So, with this in mind I've tried to approach it like a course of study - and I decided  that means... taking notes. Have not done that since school and university days, which is a long time ago - and my last experience of studying actual history was for 'O' Level (aged 14 to 16).  I would have loved to do 'A' Level History too, but I didn't have any other good arts subjects, and the school would not allow a mix of arts and sciences - so I ended up doing sciences for 'A' Level and Degree, and saying goodbye to formal study of History. I assumed the science-y sounding degree was good for getting a job - but having said that, Dave and I met while doing the same job, and he had done a degree in  Byzantine History! Ah, the Wild West of mid-80s IT recruitment..
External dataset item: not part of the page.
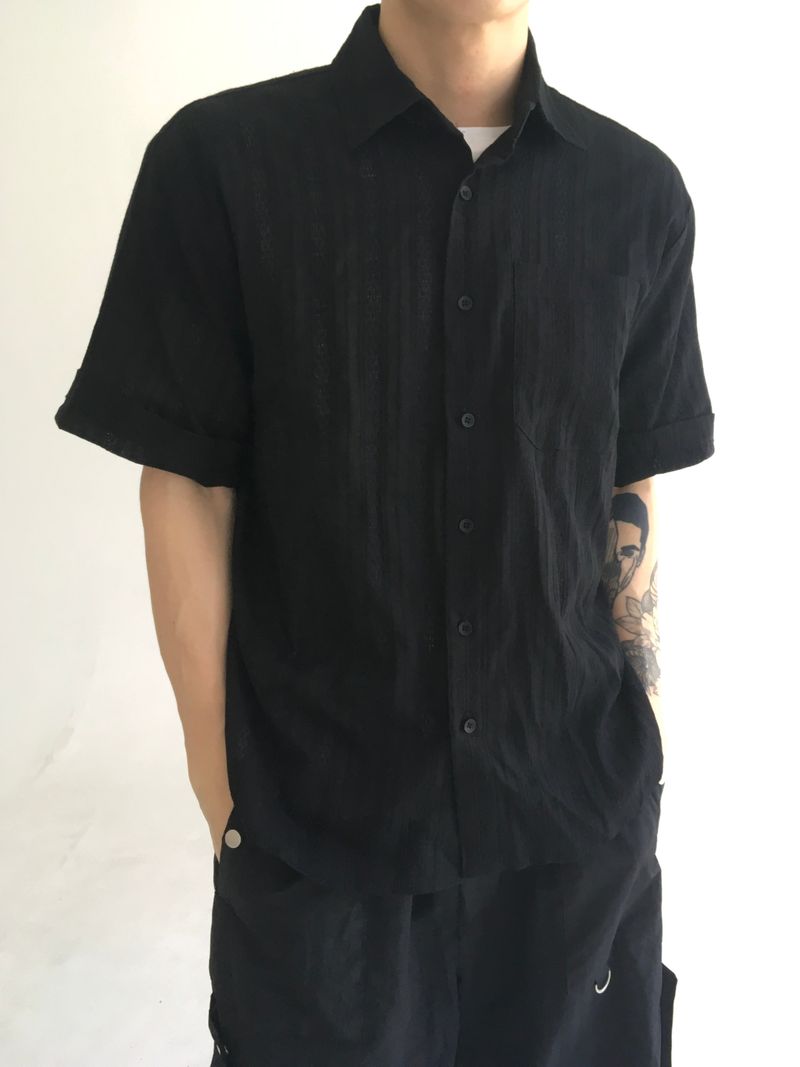 det short sleeve shirt(2colors)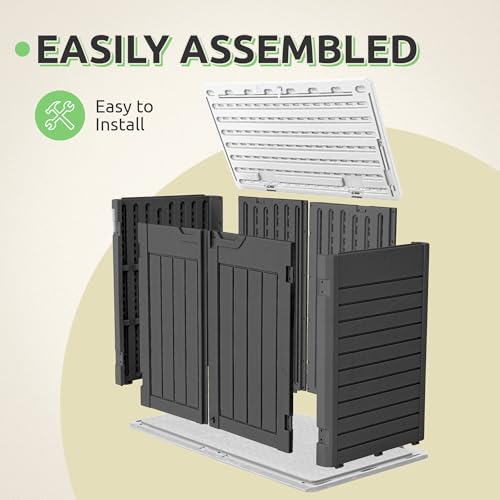 Horizontal Shed with Padlock Latch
Anyway,  I've been simply using a notebook and pen - the book is quite conveniently divided into multiple sections within each chapter, usually about 4 or 5 pages each, so I've opted to read each section, and then make a synopsis of it in a few lines - maybe half a notebook page.  Just for a laugh, here's a sample of my spidery notes  (actually the handwriting is terrible, isn't it? Well, I was a bit under the weather!) : 


I think it is probably helping me take on board the information - I think having to go back and try to summarise the important points is probably good brain training.  However  I am already wondering if the notebooks are the way forward - sadly, making notes on my computer might be a better idea, if only  for legibility!  Though that means a lot more 'screen time', which I was trying to get away from. I will persist like this for this book - 'I've Started, so I'll Finish' -  and see how it goes. Next up for this topic really should by Christopher Duffy's 'Instrument of War', on the Austrian army.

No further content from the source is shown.